◆ **TRY IT**
Transcribe exactly, please, the line bearing "Παντελόνι σε ίσια" and all later lines through the end of the records, with the pictures left out.

Content starts

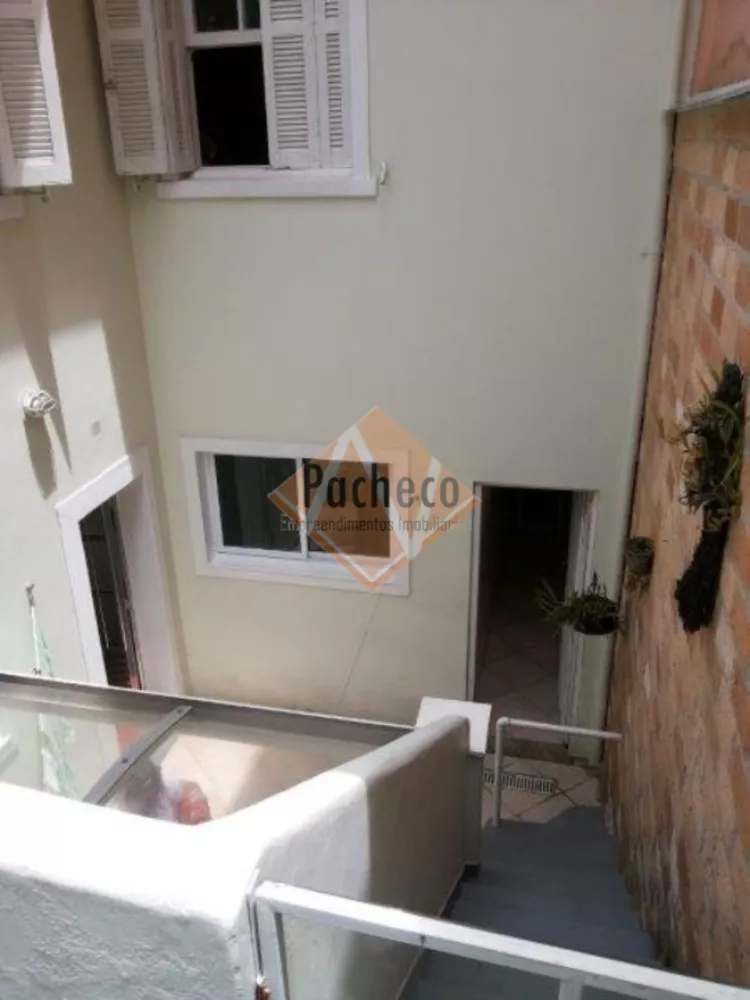 Sobrado à venda e aluguel com 3 quartos, 150m² - Foto 4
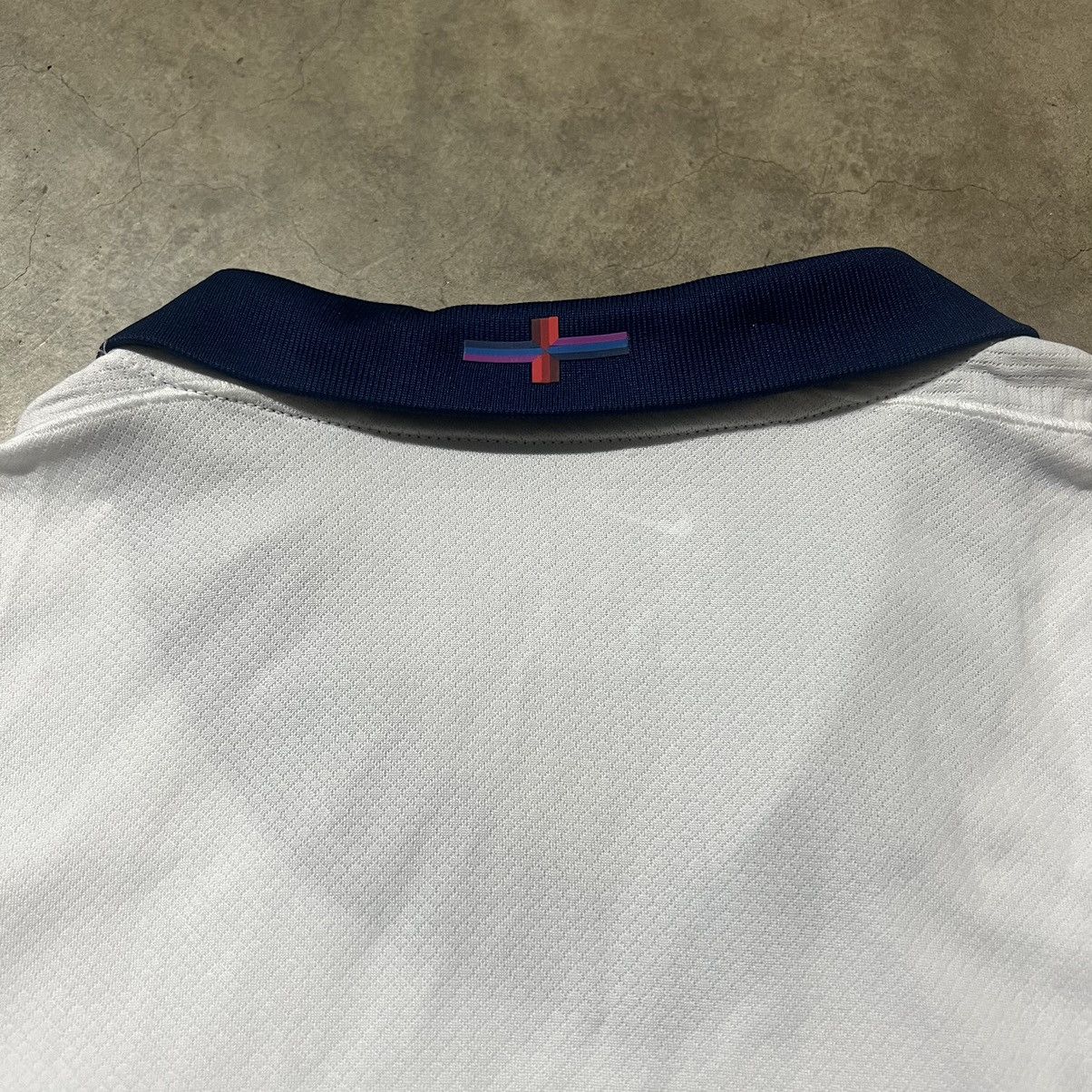 Nike UEFA England “The Three Lions” Nike Dry-Fit Soccer Jersey Size US XL / EU 56 / 4 - 5 Thumbnail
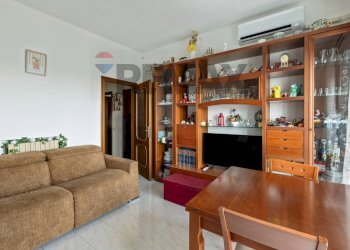 Sala da pranzo - Bilocale Via Giuseppe Di Vittorio
 
235, Sesto San Giovanni - foto 5
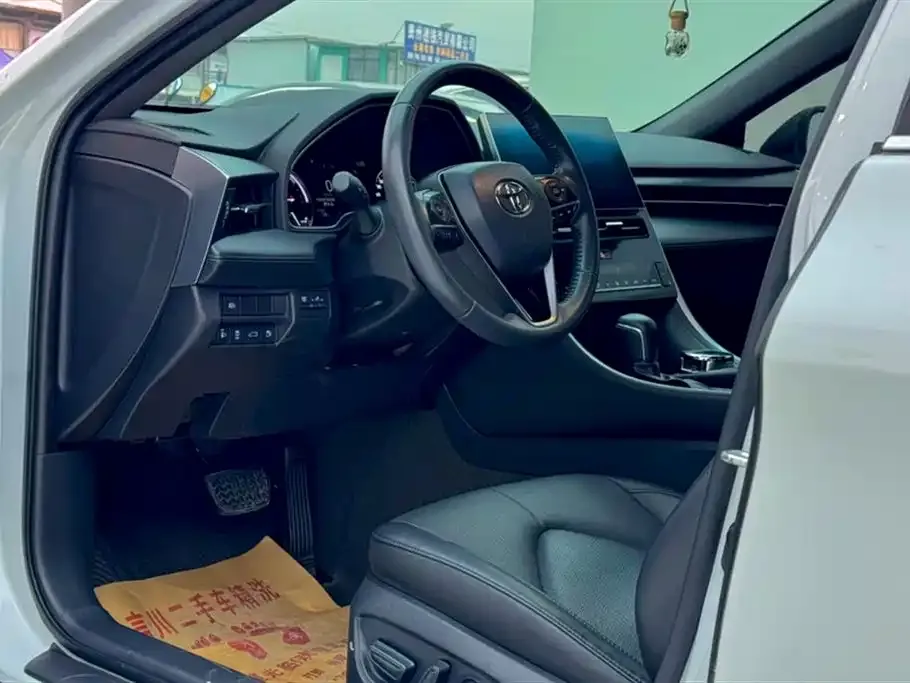 Toyota Avalon 2022 из CN, фото 8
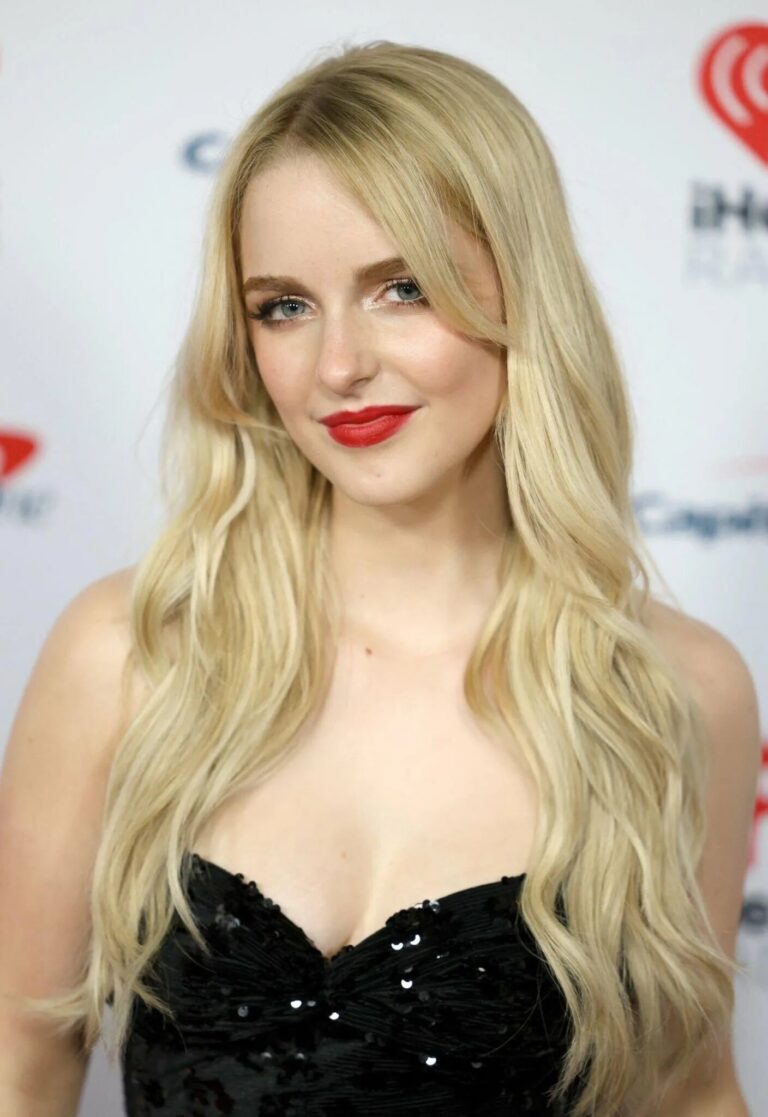 Mckenna Grace-97186
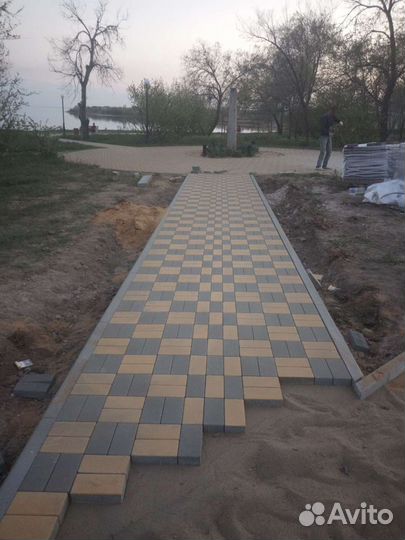 Требуется Разнорабочий оплата раз в неделю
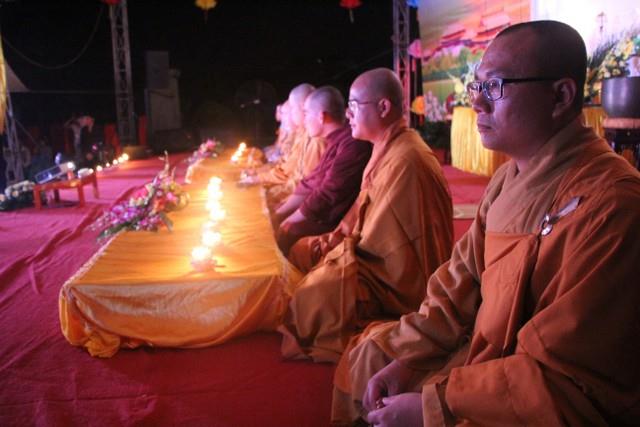 Thái Bình: Xúc động đêm thắp nến tri ân tại chùa Bụt Mọc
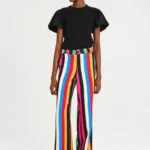 Παντελόνι σε ίσια γραμμή Πλαϊνές τσέπες και διακοσμητική πίσω τσέπη Μεταλλική λεπτομέρεια Chaka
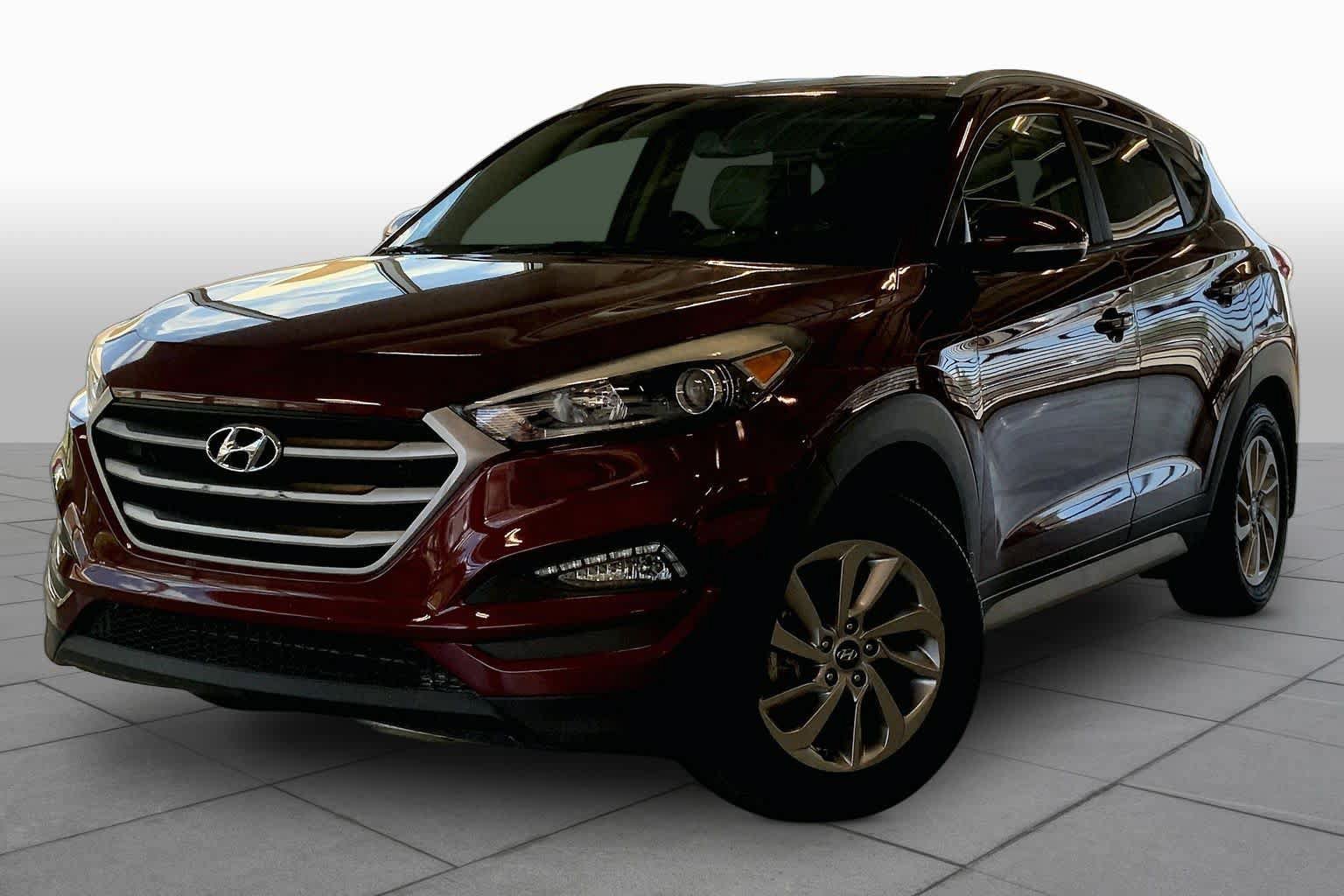 Used 2017 Hyundai Tucson SE Plus AWD/4WD video 1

Content ends

◆ **EXPECTED ANSWER**
 Παντελόνι σε ίσια γραμμή Πλαϊνές τσέπες και διακοσμητική πίσω τσέπη Μεταλλική λεπτομέρεια Chaka
 Used 2017 Hyundai Tucson SE Plus AWD/4WD video 1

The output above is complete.